Contra o juízo negativo de admissibilidade do recurso extraordinário,
exarado pela Presidência do Tribunal a quo , foi manejado agravo. Na minuta,
sustenta-se que o recurso extraordinário reúne todos os requisitos para sua
admissão. Aparelhado o recurso na afronta aos arts. 195, § 5º, e 201, I, da
Constituição Federal. Decisão recorrida publicada em 09.3.2012.
É o relatório.
Decido.
Preenchidos os pressupostos extrínsecos.
Da detida análise dos fundamentos da decisão denegatória de
seguimento do recurso extraordinário, bem como à luz das razões de decidir
adotadas pelo Tribunal de origem, por ocasião do julgamento do recurso
veiculado na instância ordinária, concluo que nada colhe o agravo.

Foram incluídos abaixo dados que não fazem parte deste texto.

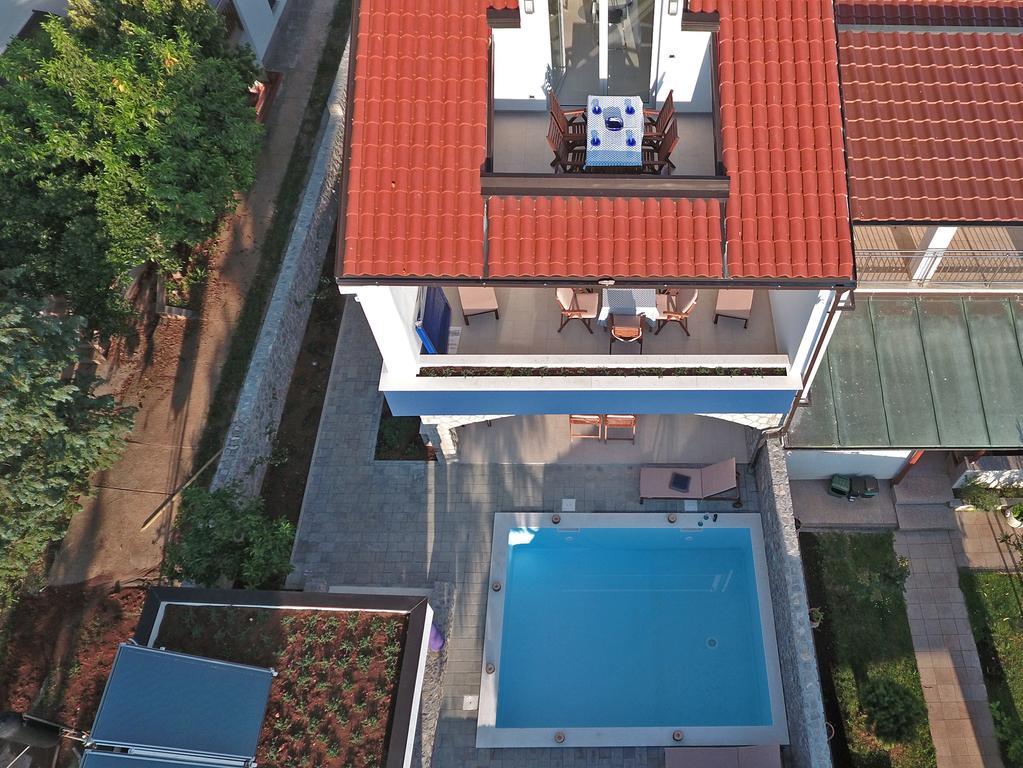 Apartments Petra Нивице Экстерьер фото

O Tribunal de origem, na hipótese em apreço, lastreou-se na prova
produzida para firmar seu convencimento acerca da inexistência de direito ao
benefício de aposentadoria por invalidez, razão pela qual aferir a ocorrência
de eventual afronta aos preceitos constitucionais invocados no apelo extremo
exigiria o revolvimento do quadro fático delineado, procedimento vedado em
sede extraordinária. Aplicação da Súmula 279/STF: “P ara simples reexame de
prova não cabe recurso extraordinário.” Nesse sentido: AI 838.209-AgR/MA,
Rel. Min. Gilmar Mendes, 2ª Turma, DJe 1º.8.2011; e RE 634.136-AgR/DF,
Rel. Min. Luiz Fux, 1ª Turma, DJe 20.9.2012, cuja ementa transcrevo:
“AGRAVO REGIMENTAL NO RECURSO EXTRAORDINÁRIO.

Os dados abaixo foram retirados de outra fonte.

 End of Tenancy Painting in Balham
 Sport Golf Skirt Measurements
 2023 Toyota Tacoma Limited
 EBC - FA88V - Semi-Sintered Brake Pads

PREVIDENCIÁRIO. APOSENTADORIA POR INVALIDEZ. REQUISITOS.
AUSÊNCIA DE QUESTÃO CONSTITUCIONAL. ART. 323 DO RISTF C.C.
ART. 102, III, § 3º, DA CONSTITUIÇÃO FEDERAL. REEXAME DE FATOS E
PROVAS. SÚMULA 279 DESTA CORTE. CONTROVÉRSIA
INFRACONSTITUCIONAL. OFENSA INDIRETA. 1. A repercussão geral
pressupõe recurso admissível sob o crivo dos demais requisitos
constitucionais e processuais de admissibilidade (art. 323 do RISTF). 2.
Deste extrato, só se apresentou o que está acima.